Aber Borodins Alltag war dennoch geprägt von Musik und vom Musizieren mit Freunden, zu denen seit 1864 auch Mili Balakirew gehörte, durch den er schließlich mit César Cui, Modest Mussorgski und Nikolai Rimski-Korsakow und damit mit dem sogenannten "Mächtigen Häuflein" der russischen Musik zusammenkam. Russische Musik zu finden und zu schaffen, das war das Ziel dieser Musiker, die sich auf einer nationalromantischen 'Woge' über die bis dahin in Rußland gepflegte eher westliche geprägte Musikkultur hinweg tragen ließen. Musiker-Kollegen wie Rimski-Korsakow berichteten von Borodins 'Doppelleben', der sich auch dann mit Musik beschäftigte, wenn er eigentlich gerade mitten in einer chemischen Versuchsanordnung steckte: "Hatte er seine Arbeit beendet, machten wir es uns in der Wohnung bequem und musizierten oder unterhielten uns über Musik. Mitten im Gespräch sprang er auf und rannte ins Laboratorium, um nachzuschauen, ob dort nicht etwas ausgebrannt oder übergekocht sei."
Auch für seine zweite Sinfonie benötigte der 'Teilzeitkomponist' Borodin viele Jahre. So entstand sie zwischen 1869 und 1876, während er zeitgleich auch an seiner Oper "Fürst Igor" komponierte. So wundert es nicht, dass auch in der Sinfonie volkstümlich-episches zu finden ist, ja sogar manches an Themen und Analogien sich überschneidet.
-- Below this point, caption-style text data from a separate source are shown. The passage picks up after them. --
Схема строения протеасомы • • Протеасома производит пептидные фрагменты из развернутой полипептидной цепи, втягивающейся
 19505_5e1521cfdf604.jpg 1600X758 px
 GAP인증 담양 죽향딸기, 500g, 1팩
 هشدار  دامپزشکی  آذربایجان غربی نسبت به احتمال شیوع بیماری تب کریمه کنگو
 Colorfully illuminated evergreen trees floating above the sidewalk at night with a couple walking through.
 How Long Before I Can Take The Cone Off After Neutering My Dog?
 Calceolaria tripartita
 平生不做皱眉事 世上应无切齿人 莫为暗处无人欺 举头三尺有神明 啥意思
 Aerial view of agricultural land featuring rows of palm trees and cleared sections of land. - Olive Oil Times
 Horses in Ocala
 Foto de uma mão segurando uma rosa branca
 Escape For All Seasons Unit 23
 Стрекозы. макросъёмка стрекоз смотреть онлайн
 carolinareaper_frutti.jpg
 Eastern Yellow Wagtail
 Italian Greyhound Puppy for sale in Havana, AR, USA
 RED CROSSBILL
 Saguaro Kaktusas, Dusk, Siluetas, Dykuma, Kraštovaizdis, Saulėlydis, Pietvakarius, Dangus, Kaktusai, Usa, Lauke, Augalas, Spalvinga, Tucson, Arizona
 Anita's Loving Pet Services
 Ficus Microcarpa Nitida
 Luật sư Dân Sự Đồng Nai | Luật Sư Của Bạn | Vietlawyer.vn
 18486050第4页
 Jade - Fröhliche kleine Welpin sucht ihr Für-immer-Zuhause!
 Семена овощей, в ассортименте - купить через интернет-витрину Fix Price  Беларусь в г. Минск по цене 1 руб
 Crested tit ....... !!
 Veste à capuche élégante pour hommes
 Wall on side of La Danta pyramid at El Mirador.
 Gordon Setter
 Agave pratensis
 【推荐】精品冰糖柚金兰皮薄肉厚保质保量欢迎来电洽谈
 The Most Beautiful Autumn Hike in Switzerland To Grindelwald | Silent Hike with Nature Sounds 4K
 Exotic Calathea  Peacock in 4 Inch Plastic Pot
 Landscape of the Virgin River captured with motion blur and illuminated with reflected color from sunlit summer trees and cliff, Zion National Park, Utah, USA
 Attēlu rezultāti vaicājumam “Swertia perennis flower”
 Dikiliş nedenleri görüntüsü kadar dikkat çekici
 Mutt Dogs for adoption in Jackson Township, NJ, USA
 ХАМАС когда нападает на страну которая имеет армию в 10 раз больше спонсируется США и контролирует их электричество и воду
Die berühmten "Polowetzer Tänze" aus "Fürst Igor" mögen als Beispiel für diese Aura dienen, die Sinfonie und vor allem Oper aus dem mittelalterlichen Igorlied an russischer Nationalromantik schöpfen, ja den Klang einer 'genuinen' russischen Musik in der Romantik geschaffen haben. Der berühmte Kritiker und Musikschriftsteller Wladimir Stassow glaubte, in Borodins zweiter Sinfonie gar "den Geiste eines alten russischen Epos" zu entdecken. er schrieb: "Borodin selbst erzählte mir mehrmals, dass er im Adagio die Figur des Bajan darstellen wollte, im ersten Satz eine Versammlung russischer Helden und im Finale die Szene eines Gelages der Helden." Stassow nannte die Sinfonie folglich die "Heldensinfonie", ein Name, der ihr bis heute anhaftet.
Als die zweite Sinfonie 1877 in St. Petersburg uraufgeführt wurde, fiel sie beim Publikum durch. Rimski-Korsakow erklärte sich den Mißerfolg aufgrund der komplizierten Blechbläsersätze, vereinfachte sie und führte die Sinfonie selbst ein zweites Mal auf. Das halft. Auch eine weitere Aufführung 1880 war ein Erfolg. Franz Liszt arrangierte in Baden-Baden ein Konzert und machte damit Borodin außerhalb Russlands bekannt. Dirigent dieses Baden-Badener Konzerts war Wendelin Weißheimer, dem Borodin begeistert schrieb: "Herr Professor Riedel war so freundlich, mich über den Erfolg meiner Symphonie zu benachrichtigen. Den guten Erfolg habe ich ohne Zweifel der ausgezeichneten Ausführung unter Ihrer talentvollen Leitung zuzuschreiben."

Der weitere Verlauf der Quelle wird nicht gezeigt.